If $p(A' \cap B') = p(A \cup B)'$ under De Morgan's law, then why did I get two different answers? Where's my mistake?
For 1, I suggest you draw a Venn diagram.

For 2, it's as simple as 1 - 0.20 - 0.35.

3. Hello downthesun01
Originally Posted by downthesun01
I'm studying for an exam and am having a few small problems. I wasn't whether it was best to make a thread for each or post everything in one thread, but in the interest of minimizing clutter I to do the latter.

1.
In a high school graduating class of 100 students, 54 students studied math, 69 studied history, and 35 studied both. If one of these students is selected at random, find the probability that the student took history but not math.

The answers is supposed to be 34/100.
I'm not too sure what I'm looking for. Is this right?

$p(math' \cup history)$

Which would be

$0.46 + 0.69 - p(math' \cap history)=
1.15 - (0.46 * 0.69)=
1.15-0.3174=
0.8326$

Which is obviously wrong.

Looking at the information given. I see that

$p(history) - p(math \cap history) =
0.69 - 0.35 = 0.34$

Which is the right answer but I'm a little confused about it. Looking at it now, it makes sense because you're taking all of the students that took history and removing that section that also took math.

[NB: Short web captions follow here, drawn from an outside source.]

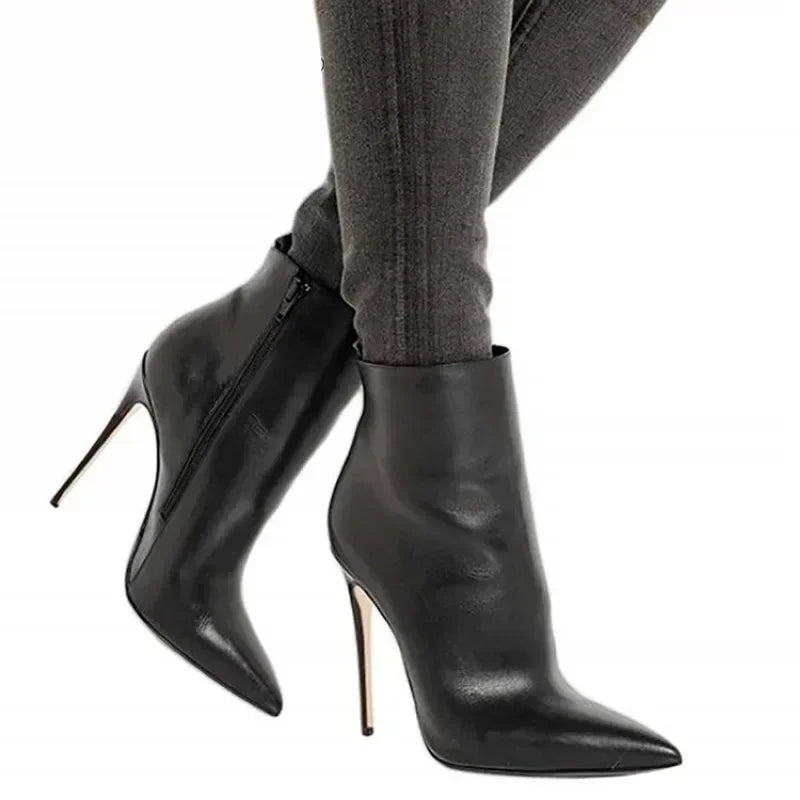 Women Short Boots Pumps Sexy Pointed Toe Side Zipper Super High Heels Stiletto 2026 Female Party Ankle Boot Shoes Botas De Mujer Pi-Mart
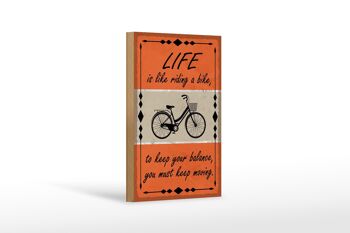 Panneau en bois disant 12x18cm La vie, c'est comme faire du vélo 1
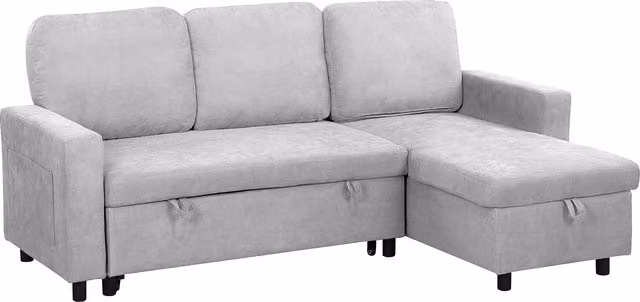 HOMCOM 4 Seater Pull Out Sofa Bed with Reversible Chaise, Storage and Side Pockets, Light Grey – 1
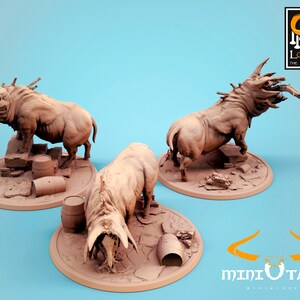 Cochons corrompus - Créatures de taille énorme - Miniature à l’échelle 32 mm - Seigneur de l’impression - Base 75 mm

How would one set up the problem using the $\cap$ and $\cup$ symbols? That's the part I'm stuck on.

2.
Interest centers around the life of a particular electrical component. Let A be the event that the component fails a particular test and B be the event that the component displays strain but does not fail. Event A occurs with a probability 0.20 and event B occurs with a probability 0.35. What is the probability that a component works perfectly well (i.e., neither displays strain nor fails the test).

Here's what I did.

$p(A' \cap B') = p(A') * p(B') = 0.8 * 0.65 = 0.52$

Obviously the wrong answer. However, I decided to use De Morgan's law as such

$p(A' \cap B') = p(A \cup B)' = 1 -[0.20 + 0.35] = 1- 0.55 = 0.45$

If $p(A' \cap B') = p(A \cup B)'$ under De Morgan's law, then why did I get two different answers? Where's my mistake?
In #1, you're asked for the probability that the student took history but not math; i.e. history and not math. That's $p(\text{history} \cap \text{ math}')$ not $p(\text{history} \cup \text{ math}')$ - that's history or not math.

In #2, you might find it helpful to draw a probability tree representing the possible outcomes from the two events: the component does/does not fail, and the component does/does not show strain.

B is the event that the component shows strain but does not fail. If the probability that it shows strain (whether it fails or not) is $p$, then:
$0.8p = 0.35$
Then you'll see from the tree diagram that the probability that the component does not fail and does not show strain is:
$0.8(1-p) = 0.8 -0.8p = 0.8-0.35=0.45$
The event $A'\cap B'$ is simply not the event you want, because $B'$ is not simply the event that the component doesn't show strain.